[CentOS-devel] Balancing the needs around the RHEL platform

Thu Dec 24 01:26:52 UTC 2020
Neal Gompa <ngompa13 at gmail.com>

On Wed, Dec 23, 2020 at 7:43 PM Mark Mielke <mark.mielke at gmail.com> wrote:
> On Wed, Dec 23, 2020 at 7:15 PM Neal Gompa <ngompa13 at gmail.com> wrote:
> > On Wed, Dec 23, 2020 at 4:38 PM Phil Perry <pperry at elrepo.org> wrote:
> > > If Red Hat really wanted to fix this in (a) kernel, the solution would
> > > have been to accept the repeated upstream requests to backport the
> > > driver into the RHEL kernel, but that idea/request has been rejected.
> > No. The correct fix here is to start blocking RHEL kernel updates
> > against third-party Free Software kernel module packages to ensure
> > compatibility isn't broken and the kernel ABI stops breaking on every
> > kernel version series. The reason it keeps breaking is because there's
> > no current mechanism in which these are tested together to validate
> > them for release.
> I think you are correct. I also think there is a long-ish road to get
> here. :-) Overall, it would have the best long-term results. It
> requires everyone that has requirements, document their requirements
> as automated tests.

I'm more optimistic. The RHEL kernel for RHEL 9 is already being
developed in Fedora ELN[0] through the Always Ready Kernel project[1].
As for RHEL 8 and CentOS Stream 8, we can wire up validation testing
using the Zuul instance that the project had stood up as part of
Fedora CI work. That infrastructure integrates with the CentOS Pagure
server and we can do all kinds of interesting things with it.
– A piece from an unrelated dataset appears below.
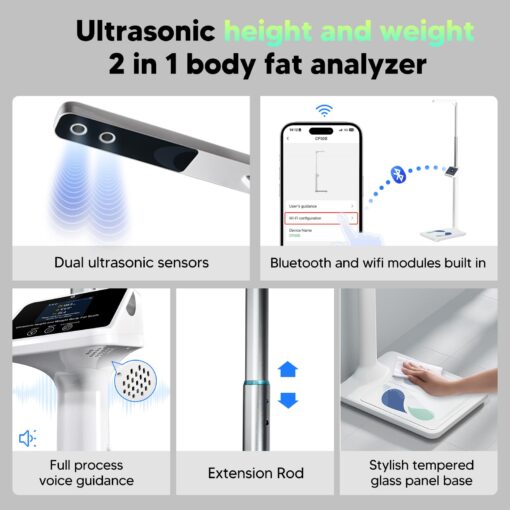 arboleaf Digital Physician Scale, FSA HSA Eligible, Ultrasonic Height and Weight Scale, Smart Body Composition Analyzer for Gym and Home, 11-485lb, 6ft.4.8in, Body Fat Measurement, Weight, Height, BMI - Image 7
[0]: https://docs.fedoraproject.org/en-US/eln/
[1]: https://gitlab.com/cki-project/kernel-ark

> But, it would put a damper on "new feature that needs  large kernel
> ABI changes to cost effectively backport", such as the OverlayFS
> changes done in RHEL 7 as one of many such examples. The choice to use
> Linux 4.18 is particularly problematic, since it wasn't an LTS kernel.
> :-(
> 5 years is a long time to wait for new breaking features in the kernel.

I think we'd be in a better place aiming for it and merely reducing
the number of times it breaks. Right now, kABI breaks pretty
significantly on every single RHEL point release. And there have been
*several* botched backports that have screwed up both the RHEL kernel
API and kernel module builds. Even just cutting the number of times
that these kinds of breakages happen in half would be a major win.

To your comment about Red Hat not using LTS kernels, LTS kernels do
not maintain kABI upstream either, so it doesn't save any effort for
Red Hat one way or another. If anything, being based on an LTS kernel
would do Red Hat less favors because they're under pressure to conform
to something similar to the upstream LTS kernel. Since the upstream
LTS kernel already doesn't match the RHEL kernel lifecycle and Red Hat
engineers would wind up doing a bunch of work anyway for the kABI
stabilization and live kernel patching features, the non-LTS kernels
are strategically better because there's less churn in them and more
long-term flexibility.

> > More than most, I get why you're upset about the kABI always breaking
> > as kernel updates push out, but instead of just saying "it's not
> > suitable", we should be building solutions to *make* it suitable for
> > the Enterprise. It's *bad* that the RHEL kernel breaks its own
> > promises so often (which is a relatively new thing, in my experience),
> > and we should be implementing safeguards to stop it from happening
> > going forward.
> Yes. Although, in the mean-time...

Well, since nothing can really change now, I'm looking forward a bit
and trying to see how we can take advantage of the situation to better
the wider community. After all, the biggest virtue of a true open
source community is the ability to adapt.

真実はいつも一つ!/ Always, there's only one truth!